## Requirement
Output each line of the data below exactly, omitting any image.

(Available data)

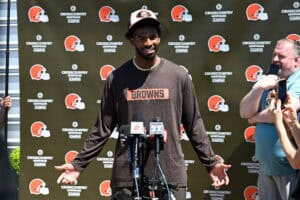BEREA, OHIO - MAY 10: Shedeur Sanders #12 of the Cleveland Browns answers questions from the media during a press conference prior to rookie minicamp at CrossCountry Mortgage Campus on May 10, 2025 in Berea, Ohio.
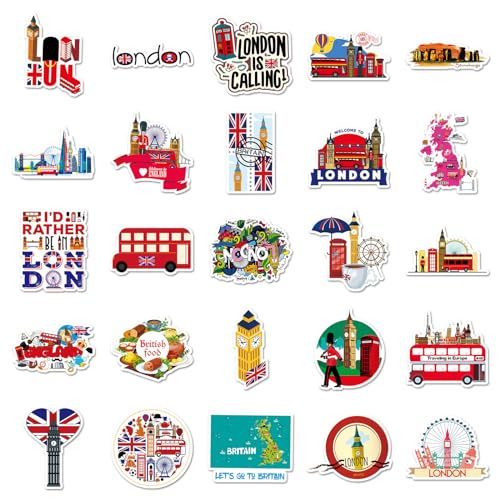 Groot-Brittannië Londen Bus Sticker Set Stickers Kids Tieners 50 Pieces Animals Waterproof Vinyl Stickers Laptop Skateboard Koffer Helm Auto Fiets mobiele telefoon Motorrijwiel Bike Scrapbook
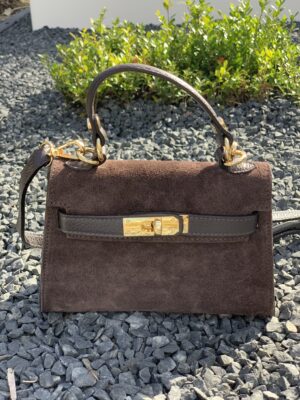 Tas Donkerbruin met Goudkleur Sluiting voor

(End Available data)

## Your solution
BEREA, OHIO - MAY 10: Shedeur Sanders #12 of the Cleveland Browns answers questions from the media during a press conference prior to rookie minicamp at CrossCountry Mortgage Campus on May 10, 2025 in Berea, Ohio.
 Groot-Brittannië Londen Bus Sticker Set Stickers Kids Tieners 50 Pieces Animals Waterproof Vinyl Stickers Laptop Skateboard Koffer Helm Auto Fiets mobiele telefoon Motorrijwiel Bike Scrapbook
 Tas Donkerbruin met Goudkleur Sluiting voor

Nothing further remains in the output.